* **Problem to solve**:
Once the line holding "Building Photo - 4205 W Avenida De Golf" is found, output it and all remaining lines of the data exactly, with every picture left out.

* **Information supplied**:
Start of Block
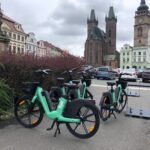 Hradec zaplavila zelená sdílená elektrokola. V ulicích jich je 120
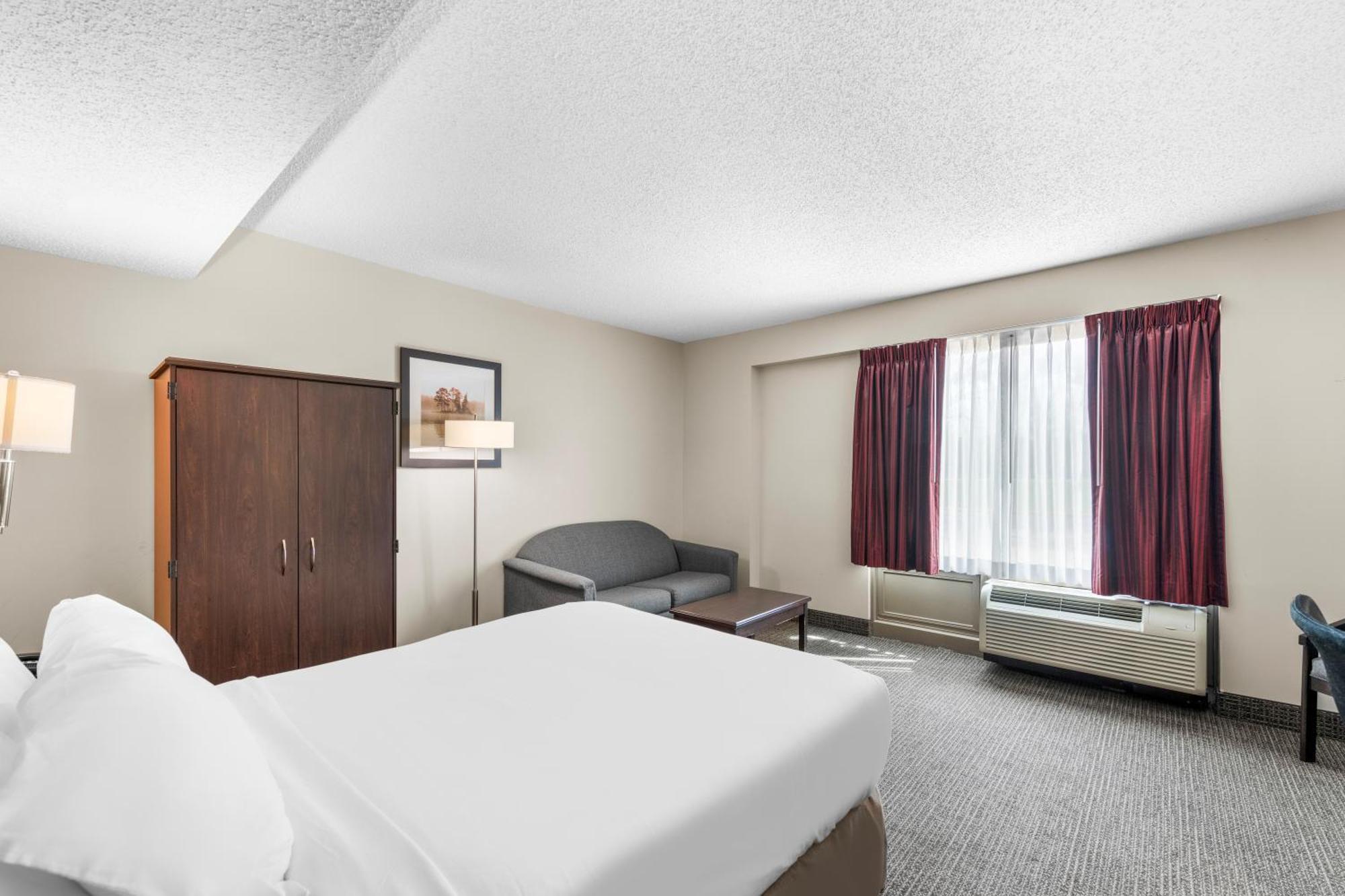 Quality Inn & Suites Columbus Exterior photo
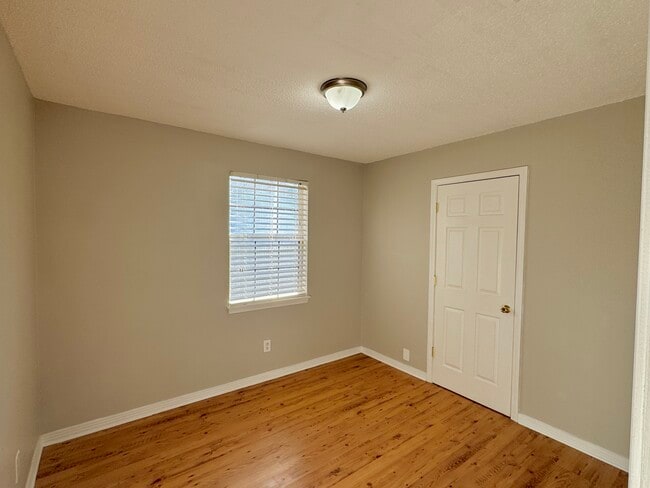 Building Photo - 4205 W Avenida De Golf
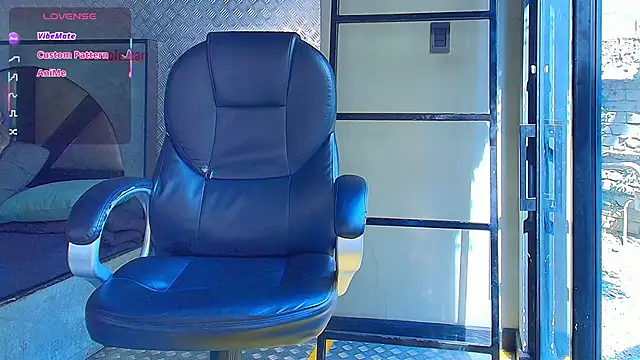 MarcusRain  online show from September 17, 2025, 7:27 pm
End of Block
* **The completed task**:
 Building Photo - 4205 W Avenida De Golf
 MarcusRain  online show from September 17, 2025, 7:27 pm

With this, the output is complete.